The judgment, delivered by Justice Ntong Ntong on Tuesday, stemmed from a case filed by Mrs. Ekom, a mother of two, seeking the enforcement of her fundamental human rights.
According to the details of the case, in March of the current year, Ifenyinwa Anthonia Olua approached Mrs. Ekom Robert, requesting assistance in connecting her with someone in Europe who could purchase euros and pay her in Naira. An amount equivalent to £55,000, totaling N42.9 million, was allegedly transferred to a Spanish account. Subsequently, the Spanish authorities, suspicious of potential illicit funds, imposed restrictions on the account, leading to Mrs. Ekom's arrest by the police.

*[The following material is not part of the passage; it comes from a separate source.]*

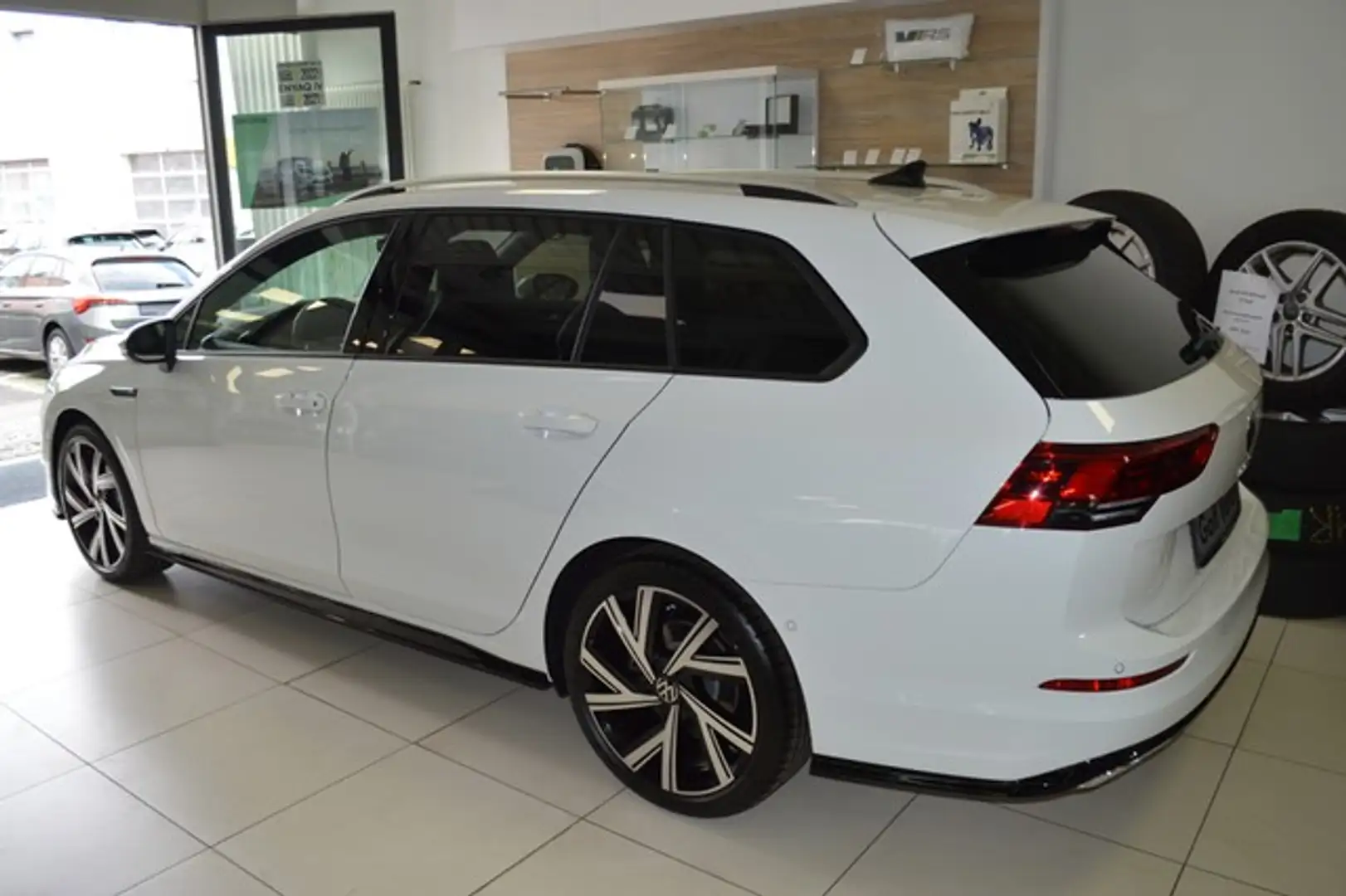 Volkswagen Golf Variant R-Line 2.0 TDI DSG LED Rückfahrkamera White - 2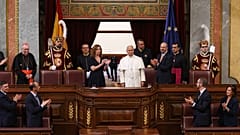 Papa Leone XIV incontra i membri del Parlamento spagnolo al Congresso dei Deputati, a Madrid, lunedì 8 giugno 2026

The respondents in the case included the Inspector General of Police, Commissioner of Police, Administration, Force Criminal Investigation Department, Abuja (Mr. Babazango Ibrahim), DSP Yusuf Dauda of Anti-Homicide Section, Alagbon in Lagos, Inspector Celestina Ugbaja of Special Fraud Unit, Ikoyi, Lagos, and the Police Service Commission.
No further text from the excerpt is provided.